The column names are listed below. There are 725 observations and 11 variables in total.
faculty2 <- read.csv("C:/Users/Li Xu/Documents/aaa/CU Boulder/GEOG5023/faculty.csv",
sep = ",", header = T)
names(faculty2)
## [1] "AYSALARY" "R1" "R2" "R7" "PRIOREXP" "YRBG"
## [7] "YRRANK" "TERMDEG" "YRDG" "EMINENT" "FEMALE"
nrow(faculty2)
## [1] 725
ncol(faculty2)
## [1] 11
This distribution is somehow normally distributed except for several very high values.
hist(faculty2$AYSALARY, breaks = seq(20000, 120000, by = 2000), main = "Faculty Annual Salary",
xlab = "Annual Salary (US Dollars)", col = "blue")
According to the boxplot below, it is obvious that male faculties make more money than female faculties on average.
boxplot(faculty2$AYSALARY ~ faculty2$FEMALE, main = "Faculty Annual Salary by gender",
ylab = "Annual Salary (US Dollars)", xlab = "Gender (0=Male, 1=Female)",
col = rainbow(2))
When looking at the plot below, it seems that there is positive correlationship between salary and the number of years of employment.
plot(faculty2$YRBG, faculty2$AYSALARY, main = "Faculty Annual Salary vs Time of Employment",
xlab = "Time of employment (years)", ylab = "Annual Salary (US Dollars)",
pch = 1, col = "blue")
By combing R1, R2, R3 into one catergorical variable, we can create a boxplot as follows.
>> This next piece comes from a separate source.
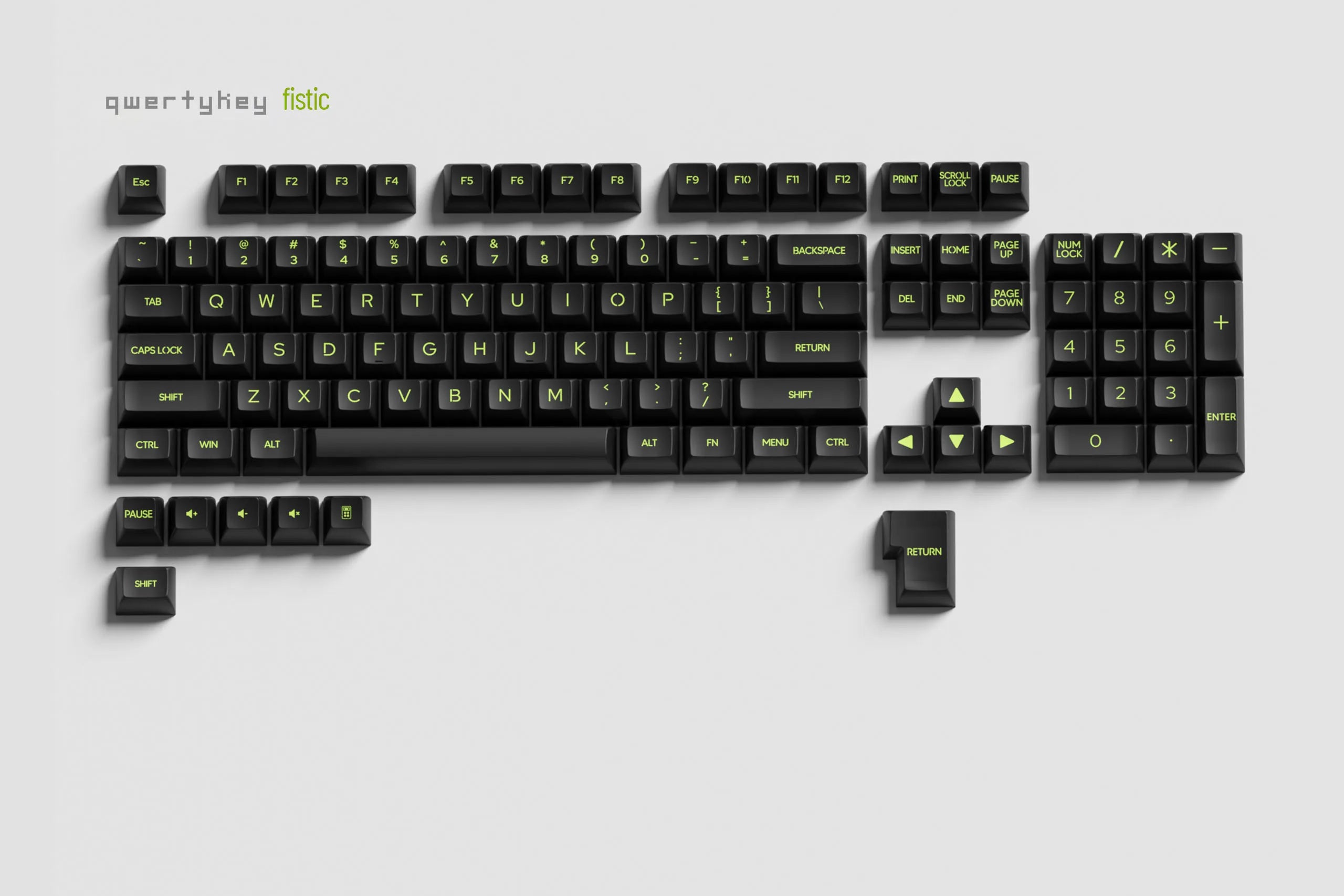 Set Taste QWERTY Fistic Profil SA Material ABS double shot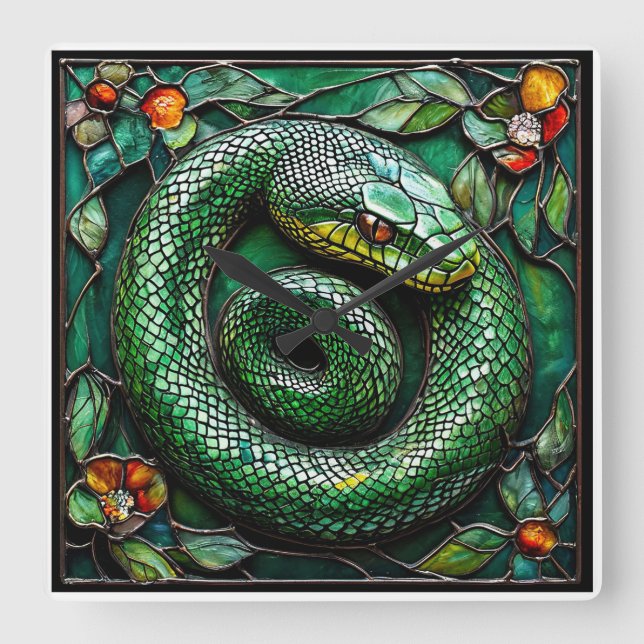 Green Snake Square Wall Clock (Front)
Thus full professors have the highest salaries, Instructor or lecturers have the lowest.
faculty2$POSITION[faculty2$R1 == 1] <- "FP"
faculty2$POSITION[faculty2$R2 == 1] <- "AP"
faculty2$POSITION[faculty2$R7 == 1] <- "IL"
faculty2$POSITION[faculty2$R1 == 0 & faculty2$R2 == 0 & faculty2$R7 == 0] <- "NA"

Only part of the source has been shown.